According to the invention there is provided a sealing element of a hydrodynamic seal for relatively rotating elements, having a sealing surface and consisting of or comprising at least one stabilising ply of fabric impregnated with or disposed in a binder material which prevents relative movement of fibres of the fabric during use of the seal.
Preferably the binder is such that it imparts stiffness to the stabilising ply. In preferred examples described herein, preferably the resulting stiffness of the element is such that it resists deformation, or bunching, of the element when it is fitted in the seal.
In some arrangements, the stabilising ply is preferably semi rigid. For example, where the stabilising ply comprises a resin impregnated fabric, the layer may have a thickness of about 0.5 mm to 1.0 mm thick and thus have some flexibility.
Preferably the stiffness of the sealing element is such that the element can respond to changes in pressure as required during service of the seal, while resisting undesirable deformation, for example bunching in an annular sleeve due to hoop stress.
The fabric may be a woven fabric, weft threads of which preferably are disposed transversely of the longest dimension of the element.
The sealing element may comprise at least one further ply of flexible material.
Preferably the at least one ply of flexible material comprises a fabric impregnated with or disposed in an elastomeric material.

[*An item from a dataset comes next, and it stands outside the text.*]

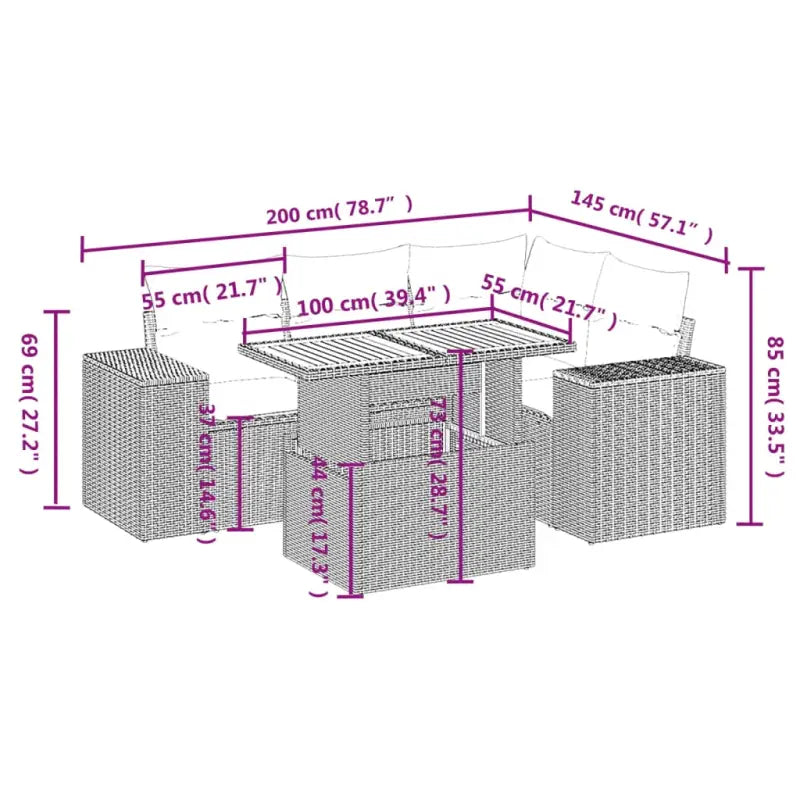 Tuinaanbouw loungeset van grijs materiaal en gepoedercoat staal - Tuinsets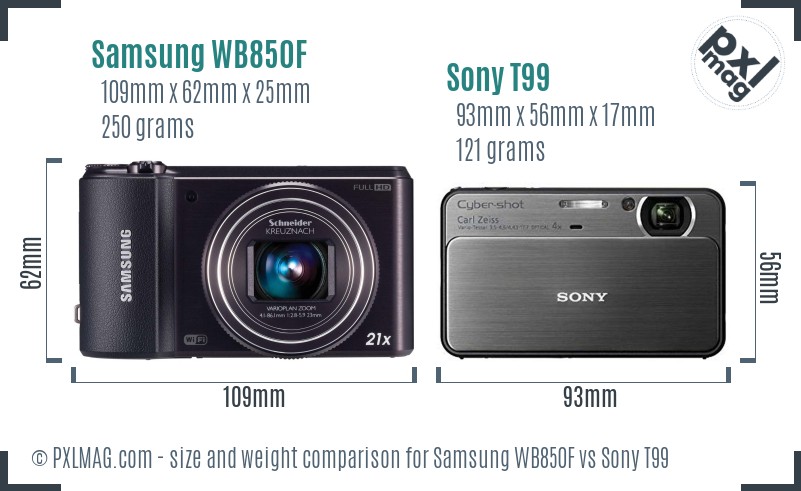 Samsung WB850F vs Sony T99 size comparison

In some preferred examples, the hardness of the elastomeric material of the flexible ply is less than 80, for example between about 60 and 80 IRHD (International Rubber Hardness Degrees). The elastomeric material may be in the form of an elastomeric coating on the fabric. The apparent hardness of the flexible ply composite material will be harder than that of the elastomeric material itself due to the fabric content.
The hardness and the stiffness of the stabilising ply will generally be greater than that of the flexible ply.
A further aspect of the invention provides a sealing element for a hydrodynamic seal for relatively rotating elements, the sealing element including: a stabilising ply of fabric impregnated with or disposed in a binder material; and a flexible ply comprising an elastomeric material.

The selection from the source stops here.